Worldwide? It has launched and relaunched careers to its massive fan base and gave true music fans something to look forward to in a mainstream space, because as Maxwell truthfully declared during his appearance, you have to be the REAL DEAL to be featured on that platform. Unlike so many places that have no criteria for true art or skill these days, Tiny Desk don’t put on any ole nonsense.
So when I saw Machel Montano, I swole with pride and tears, a feeling I KNOW was not mine alone.
Montano himself, is an icon of performance, music, skill, evolution and hard work.
However, as large as HE himself is in our hearts and lives, I didn’t see HIM.
I saw SOCA, I saw the culture. The culture of which I am a part of.
Mirroring my Beautiful by Nature Turks and Caicos, sometimes feel I have an identity crisis. (That's a whole other blog, but lemme break it down for you)
My father is Vincention (from St. Vincent & The Grenadines), and while my mother was born in the Turks and Caicos Islands, she spent her formative years in the capital of the Caribbean, yes, Jamaica.

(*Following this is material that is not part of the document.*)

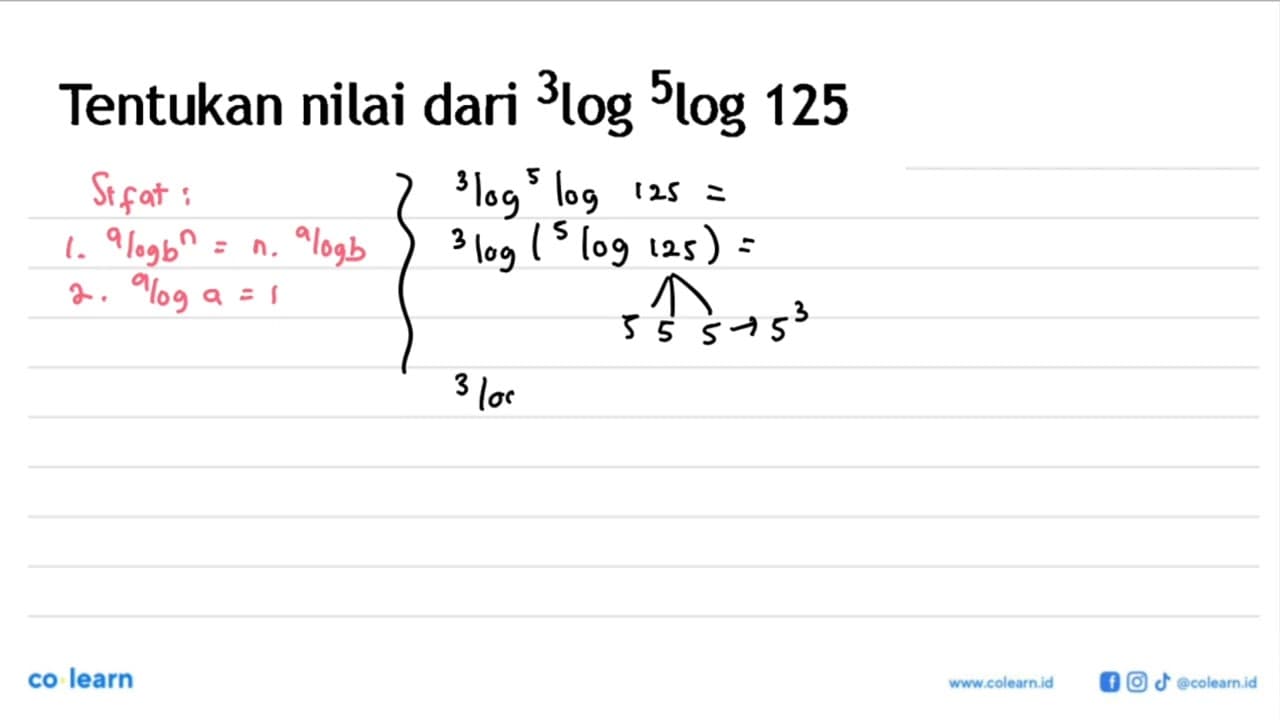 Tentukan nilai dari 3log 5log125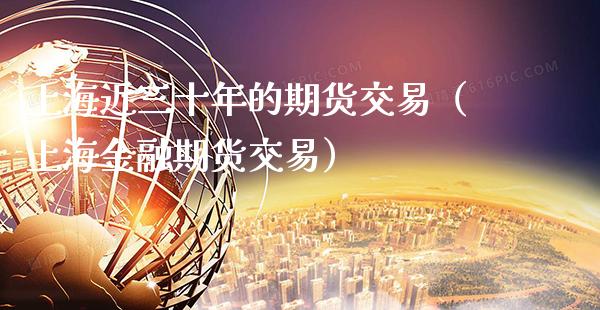 上海近三十年的期货交易（上海金融期货交易）_https://www.xmqjcw.com_期货投资_第1张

Between dialects, music choice, cuisine, friendship groups, customs and values, I basically grew up in CARICOM. I too, like Nadia Batson, am a proper Caribbean girl.
I’ve fallen in love with the stories, sounds, movements, and the men (wink wink) of Trinidad & Tobago, Barbados, Grenada, Montserrat, Haiti, St. Lucia, Guyana, Jamaica, Antigua, Dominica et al.

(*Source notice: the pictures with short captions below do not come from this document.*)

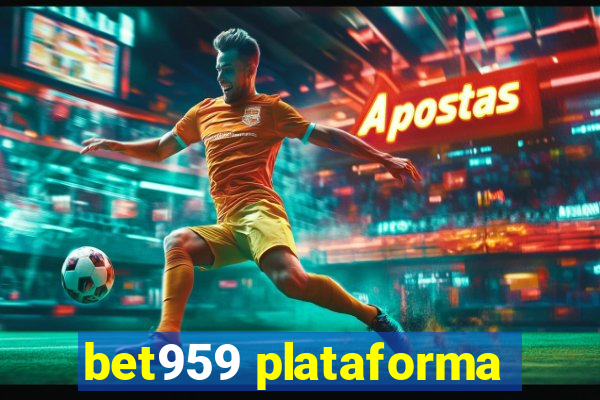 bet959 plataforma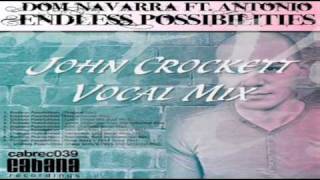 Dom Navarra Feat Antonio   Endless Possibilities John Crockett Vocal Mix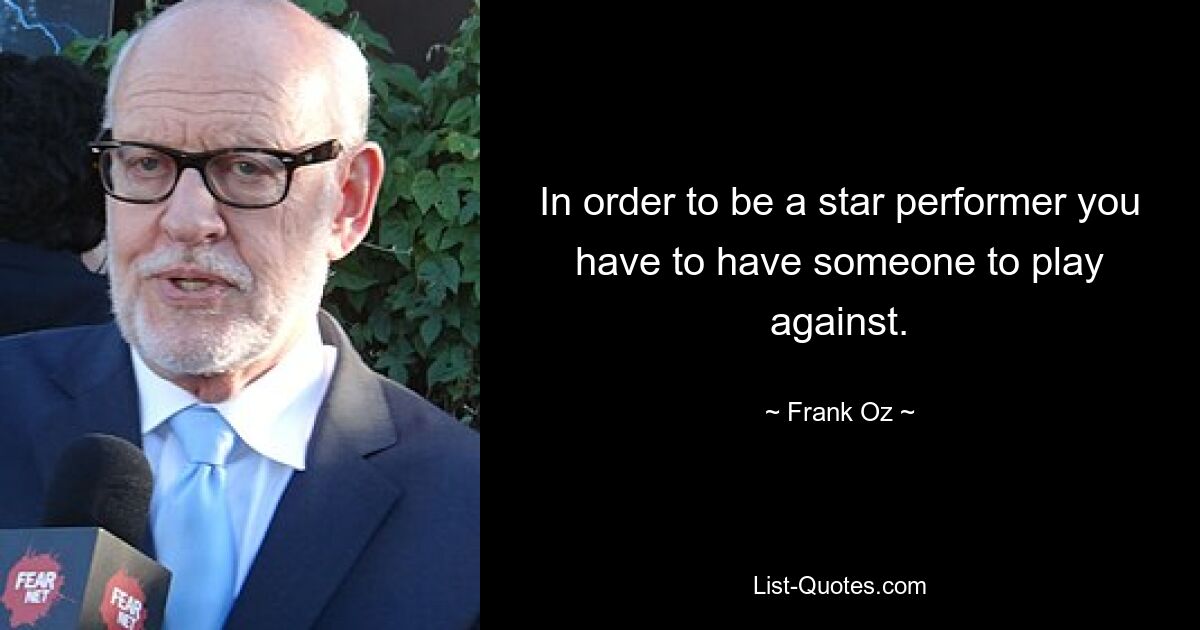 In order to be a star performer you have to have someone to play against. — © Frank Oz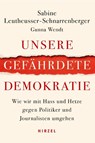 Unsere gefährdete Demokratie - Sabine Leutheusser-Schnarrenberger ; Gunna Wendt - 9783777630137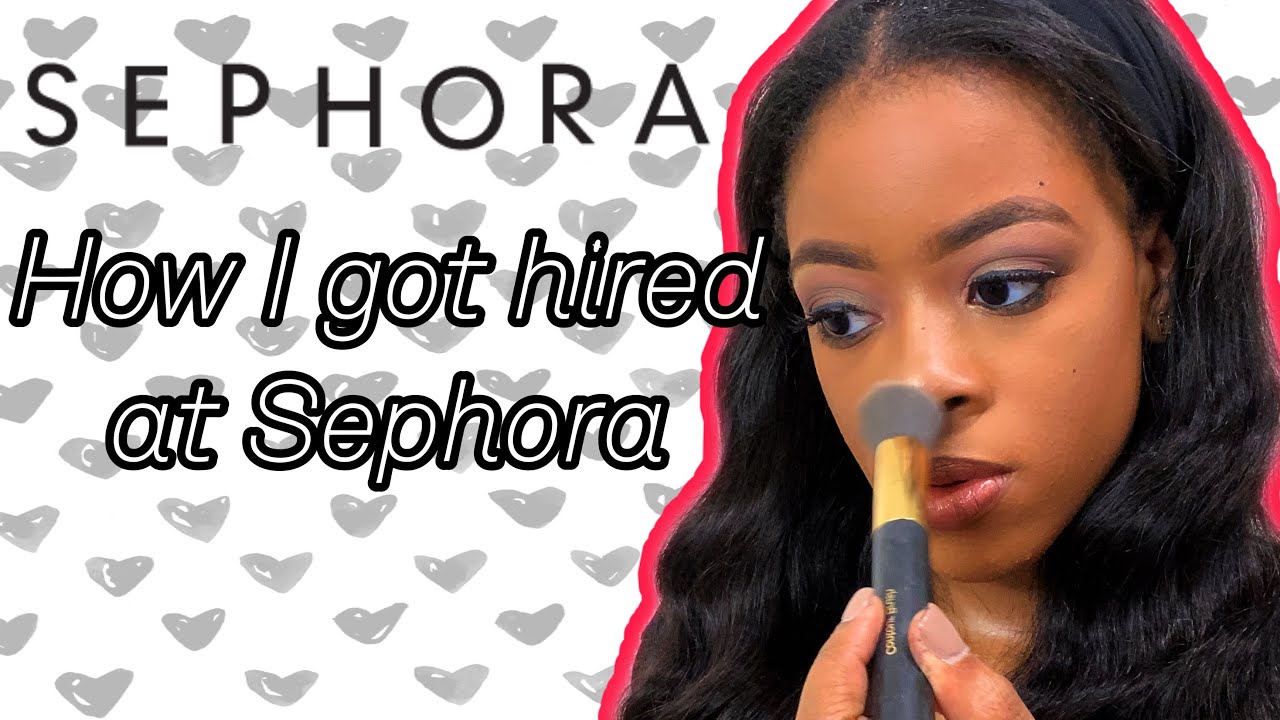 HOW I GOT HIRED AT SEPHORA + MY EXPERIENCE AND ADVICE ♡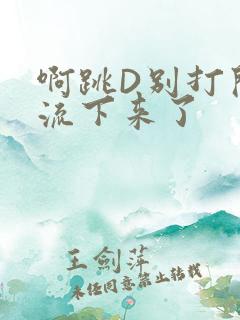啊跳D别打开水流下来了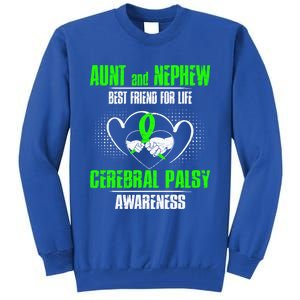 Aunt And Nephew Best Friend Of Life Cerebral Palsy Awareness Gift Tall Sweatshirt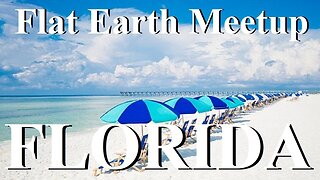 [archive] Flat Earth meetup Florida April 1st, 2023 ✅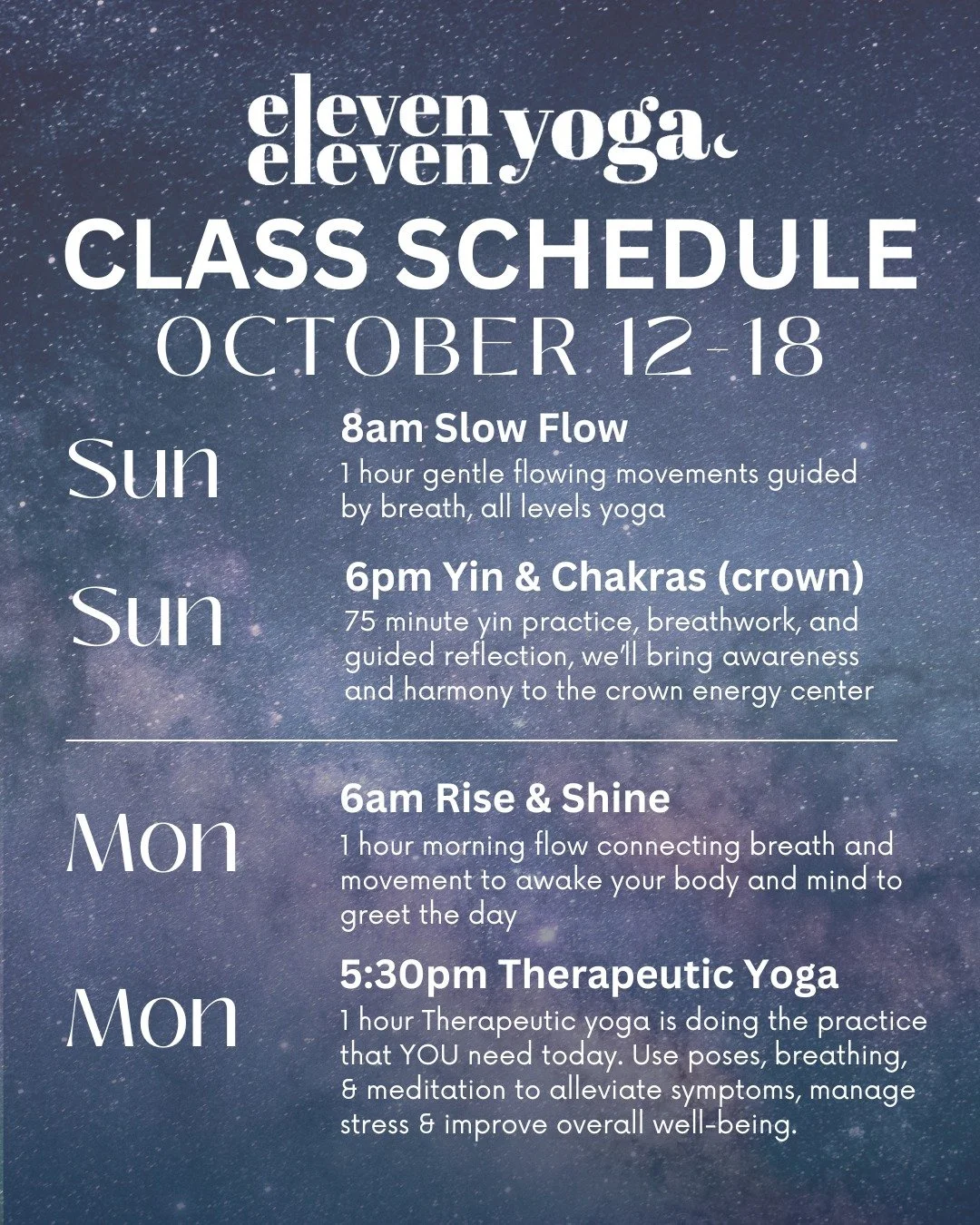 Studio Schedule for Sunday October 12th- Saturday October 18th!

Sunday Oct 12th
8-9am Slow Flow with Erin

Monday Oct 13th
6-7am Rise &amp; Shine with Kim
5:30-6:30pm Therapeutic Yoga with Jessica of Mattawan Yoga 

Tuesday Oct 14th
6-7am Rise &amp;
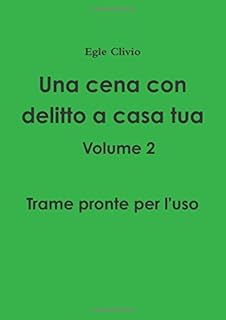 Amazonit Murder Party A Cena Con Il Morto Antonello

Sometimes though, through this love, admiration and attachment to so many, I found it to be frustrating to find the strongest thread of where I connected to the tapestry of life.
Today, I was reminded that I’m connected by many things, to THE THING, The Culture.
So you see SOCA? Old, New, Bashment, Bouyon, Sweet, Power, any and all? It is a spirit that inhabits my body through movement, flips my brain off from Matrix mode and conjurs the strength, love, joyfulness and energy of my ancestors. I feel it in every atom of my being. Euphoria. Connection. Blessings.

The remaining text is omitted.